Does My App Need an Online Safety Act Risk Assessment
Many founders assume the Online Safety Act is only for big social networks. The test is about what your app does, not how large it is, so a small app with the wrong functionality can be firmly in scope.
This guide sets out the test, the narrow exemptions, and what you have to do if your app is regulated.
The Test Is Functionality, Not Size
Your app is a regulated user-to-user service if it lets users encounter content generated, uploaded or shared by other users. That is the trigger, and it does not depend on user numbers.
The Act also covers search services. If your app is mainly a search engine or includes search functionality across multiple sites, that can bring it into scope as well.
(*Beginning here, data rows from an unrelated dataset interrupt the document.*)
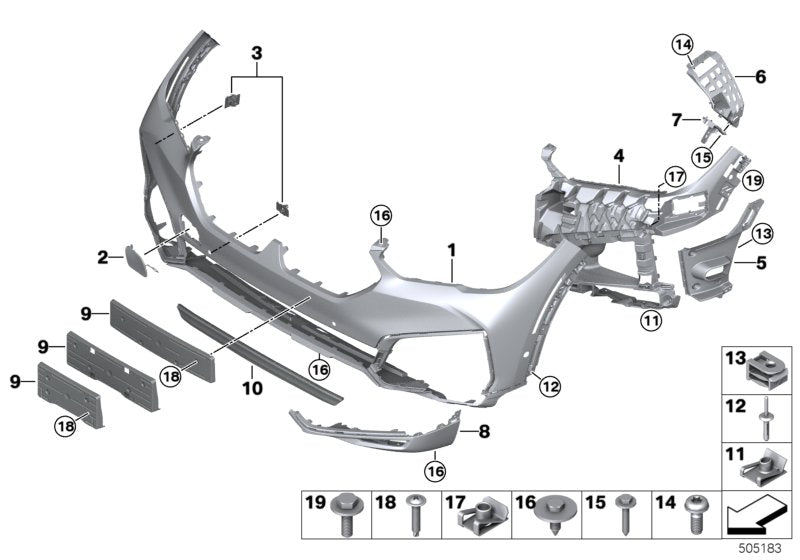 Genuine BMW 51119463095 G06 Set Of Mounts, Front Pdc / Pma Sensor (Inc. X6) | ML Performance US US Car Parts
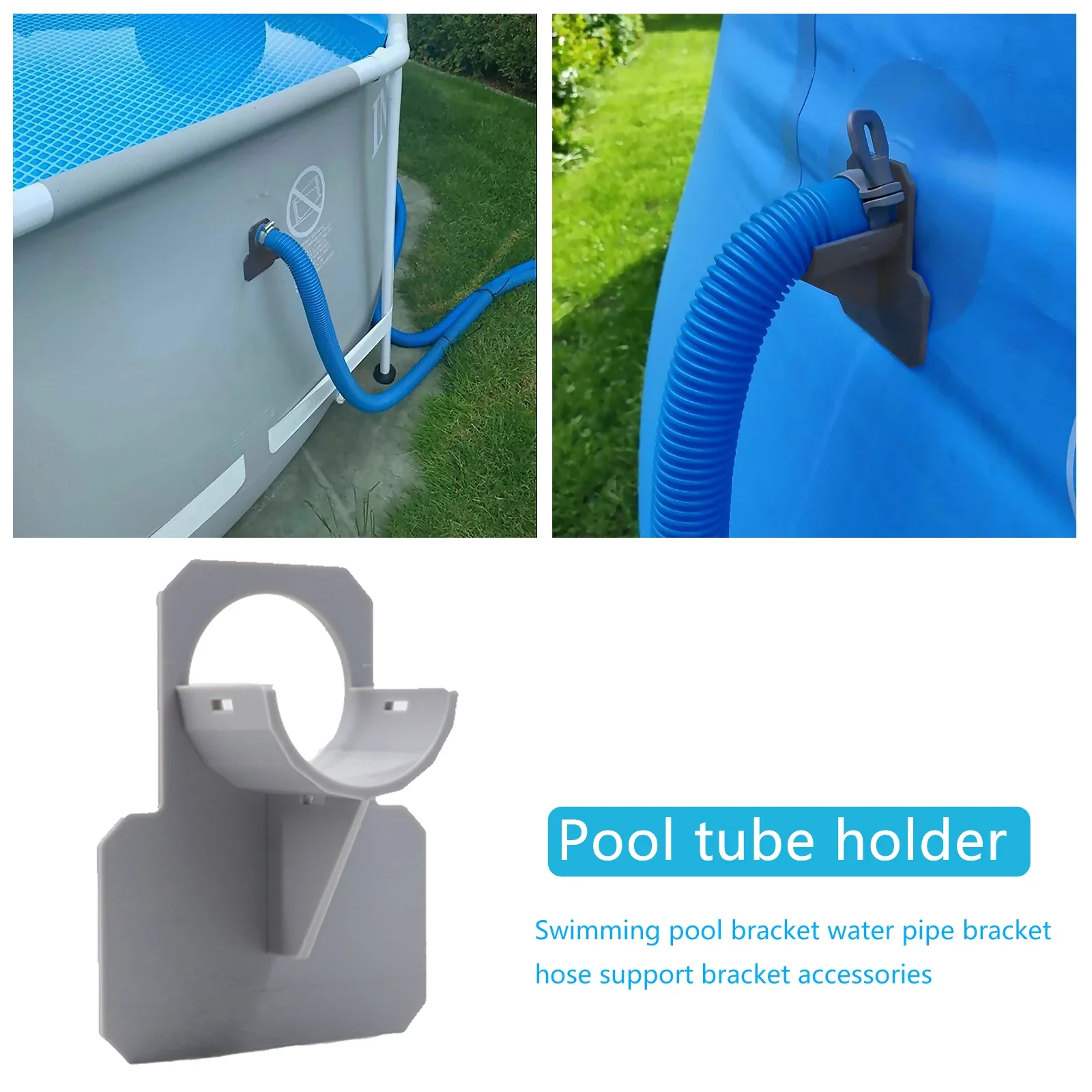 2PCS Swimming Pool Pipe Fixing Holder Support for Intex Above Ground Pool 30-38mm Hose Outlet Mount Bracket with Cable Tie Clamp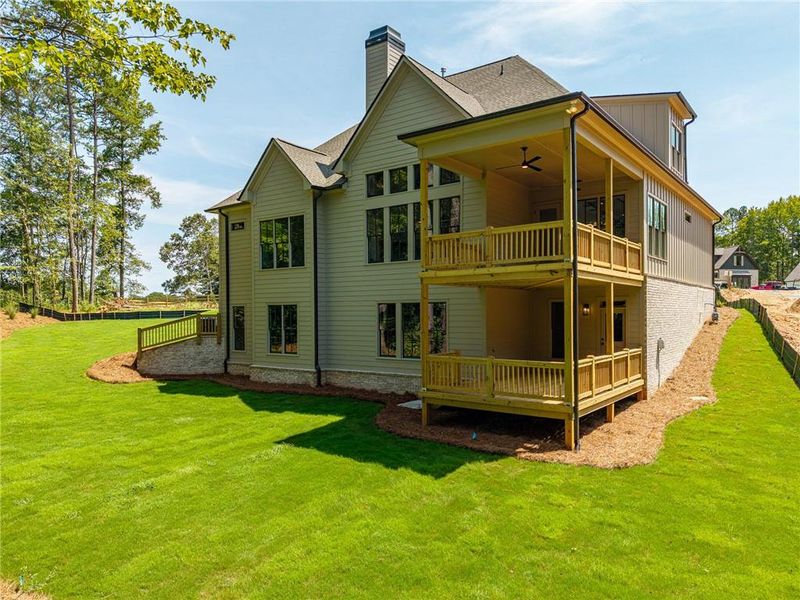 Exterior details and patio area of a home in Malone's Pond, Ball Ground (Image 36).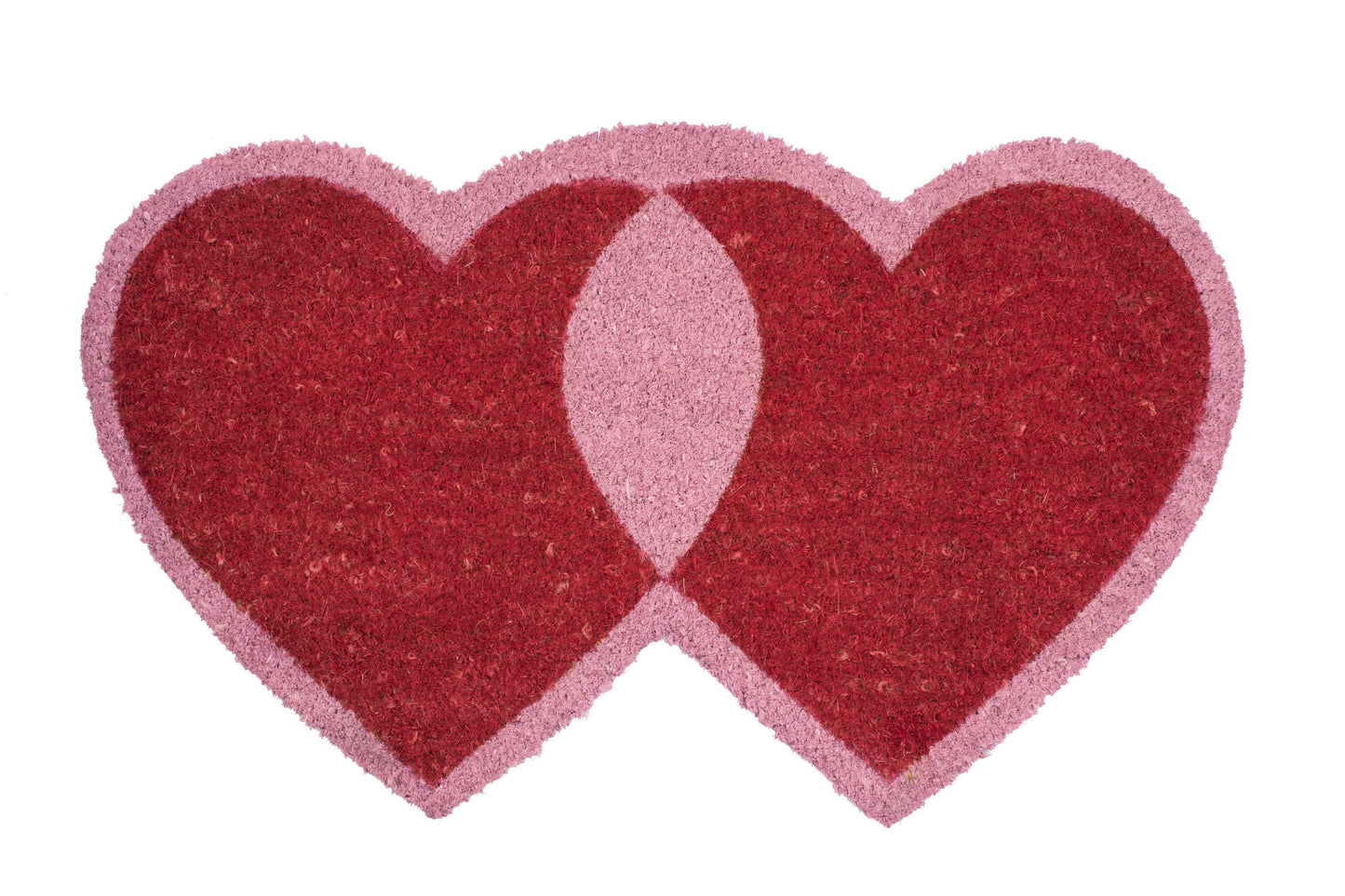 Doormat with two interlocking hearts
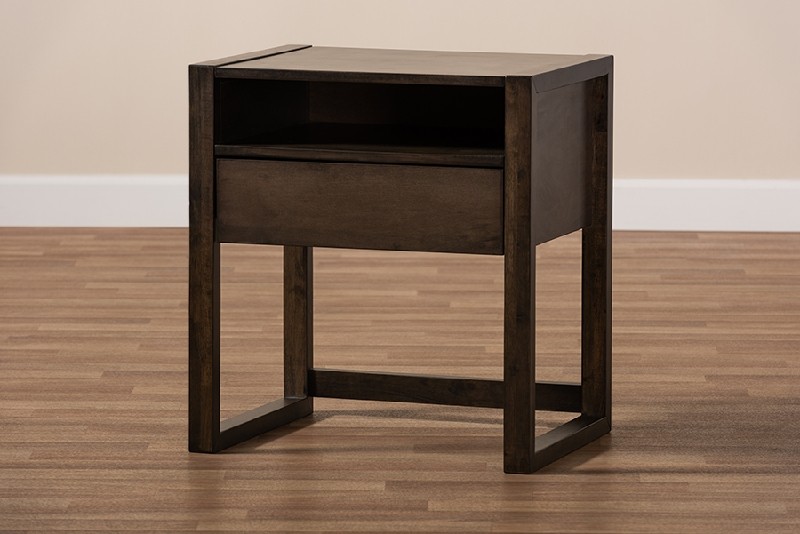 BAXTON STUDIO INICIO-NS INICIO 20 7/8 INCH MODERN AND CONTEMPORARY ONE DRAWER WOOD NIGHTSTAND - CHARCOAL BROWN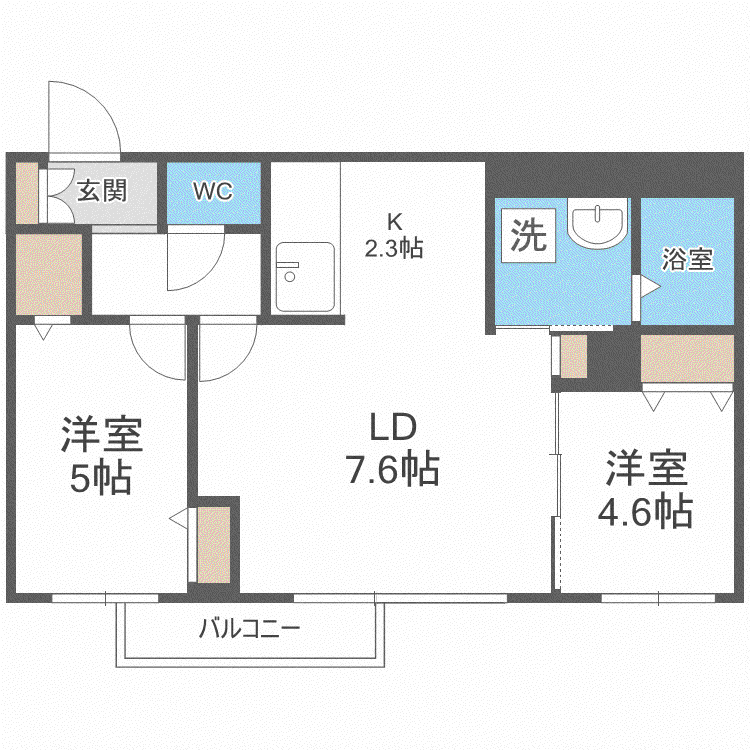 PRENDRE SOUEN(2LDK/4階)の間取り写真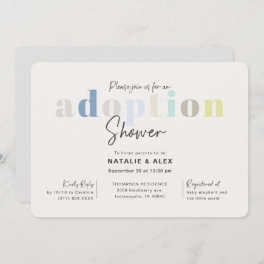 Modern Simple Boy Adoption Baby Shower Invitation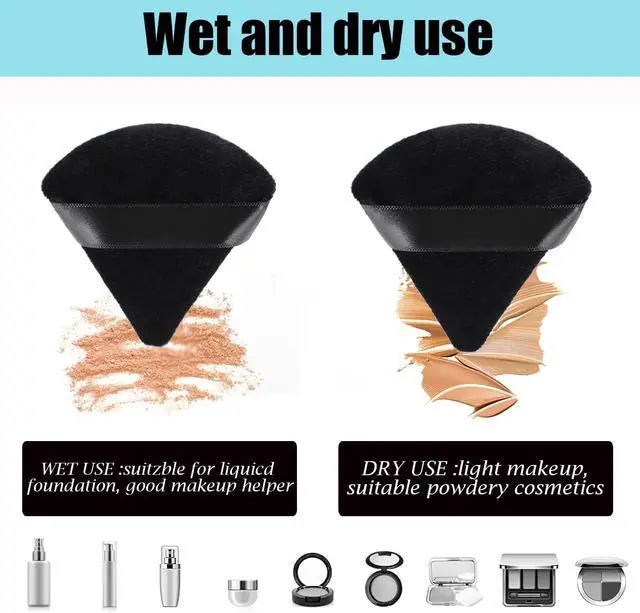 Alt view image 2 of 6 - 8Pcs Powder Puff, Dual Wet Dry for Triangle Makeup Puff,Black | Triangle and round design,Washable,Soft fiber Velour Sponge for foundation, blush, loose powder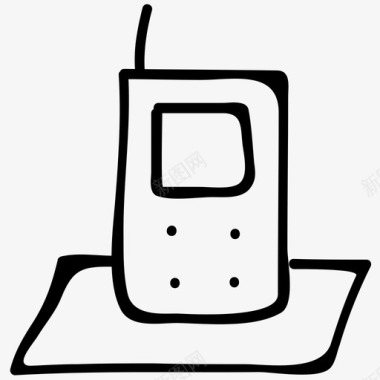 无线电话电子产品手绘涂鸦图标图标
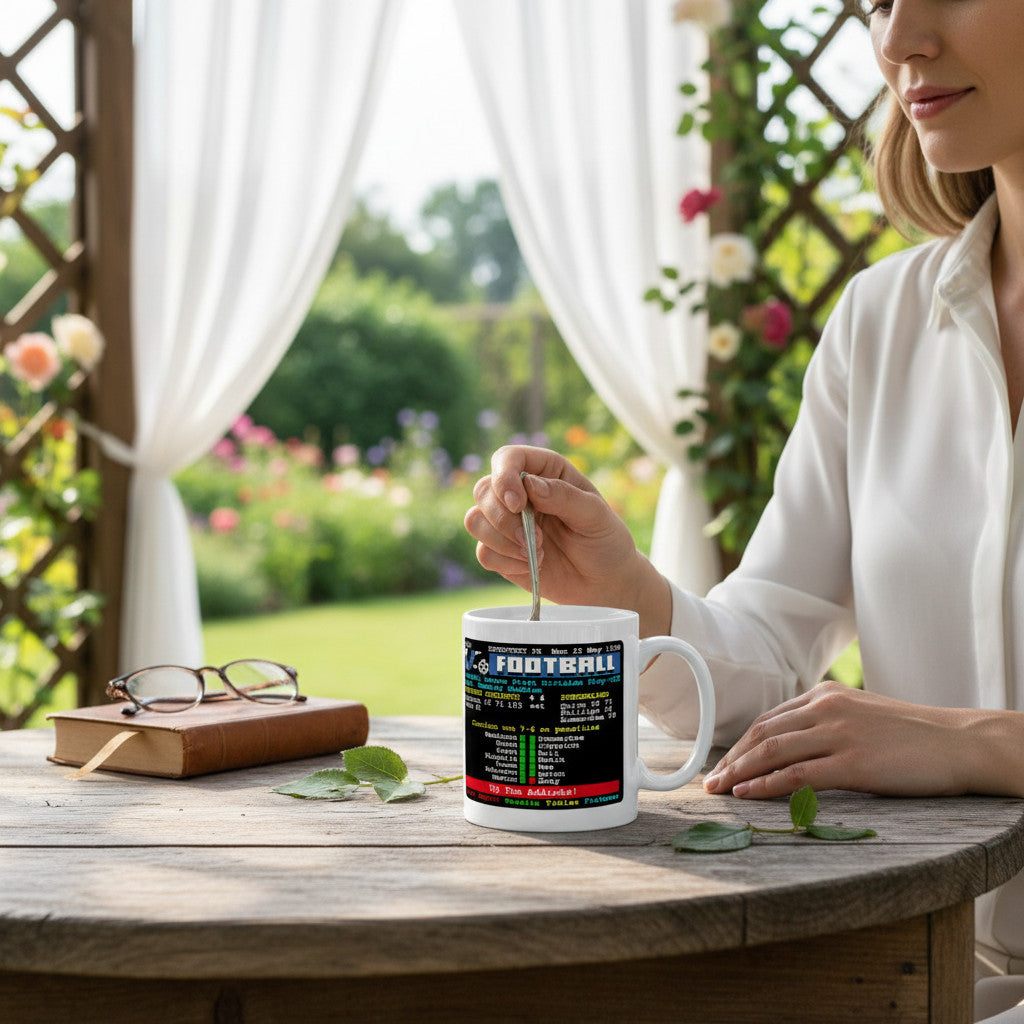 Retrotext Charlton Athletic 1998 Playoff Final mug with teletext design held by a woman at a garden table.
You are regulated only if the service has links to the UK. That test is met if you have a significant number of UK users, if the UK is a target market, or if the app can be used in the UK and poses a material risk of harm to UK users.
Functionality That Brings an App Into Scope
The features below let users interact with or see each other's content, so they typically make an app a user-to-user service.
- Direct messaging or group chat between users.
- Comments, replies or discussion threads.
- User profiles that others can view.
- Posting or sharing images, video or audio that other users can see.
- Forums, community feeds or social timelines.
- Reviews or ratings that other users can read.
- Marketplaces where users list items and contact each other.
- Multiplayer games with chat or shared content.
What Is Not in Scope
Schedule 1 of the Act exempts some narrow service types. If your app falls entirely within one of these, it is not regulated as a user-to-user service.
- Email services, where email is the only user content.
- SMS and MMS services.
- One-to-one live voice calls.
- Limited functionality services, where the only user interaction is posting comments, reviews or reactions on content the provider publishes.
- Internal business services, used only by a company's staff.
- Services provided by public bodies and certain education and childcare providers.
The exemptions are narrow. If your app combines provider content with any wider user-to-user functionality, the limited functionality exemption usually does not apply.
If Your App Is in Scope
If your app is a regulated service, the core duties apply from day one. You cannot wait until you are large.
You must complete an illegal content risk assessment under section 9, a children's access assessment under section 35, and operate a complaints procedure under section 21. If children are likely to access the app, the child safety duties also apply.
Scope Checklist
| Question | If yes |
|---|---|
| Can users see content from other users | Likely a user-to-user service |
| Does the app have links to the UK | Regulated unless exempt |
| Is the only interaction comments on your own content | May be exempt under Schedule 1 |
| Could children access the app | Children's access assessment needed |
| In scope overall | Do an illegal content risk assessment now |
How Policy Pros Can Help
We help founders work out whether an app is in scope and, where it is, get the assessments and policies in place without slowing the product down. That includes the illegal content risk assessment and the children's access assessment.
We line this up with your IT security policies and information security policies so compliance is joined up. For the full regime, see our Online Safety Act small business guide.
If you want to confirm scope from the source, see Schedule 1 of the Act and Ofcom's compliance guide for services.
Frequently Asked Questions
Does the Online Safety Act apply to my app?
If your app lets users encounter content generated or shared by other users, and it has links to the UK, it is likely a regulated user-to-user service. The test is about functionality, not user numbers, so even a small app can be in scope.
What functionality puts an app in scope?
Direct messaging, comments, user profiles, image or video sharing, forums, reviews other users can read, marketplaces and multiplayer chat all let users interact, so they typically make an app a user-to-user service.
Which apps are exempt from the Online Safety Act?
Schedule 1 exempts narrow types, including email, SMS and MMS, one-to-one voice calls, internal business tools and limited functionality services where the only interaction is comments or reviews on the provider's own content. The exemptions are narrow and easily lost if you add wider features.
Do small apps really have to do a risk assessment?
Yes. There is no general exemption based on size. If your app is a regulated service it must complete an illegal content risk assessment and a children's access assessment, with measures proportionate to your size and risk.
What do I do first if my app is in scope?
Complete an illegal content risk assessment under section 9, a children's access assessment under section 35, and put a complaints procedure in place under section 21. Document each one and review it when the app changes.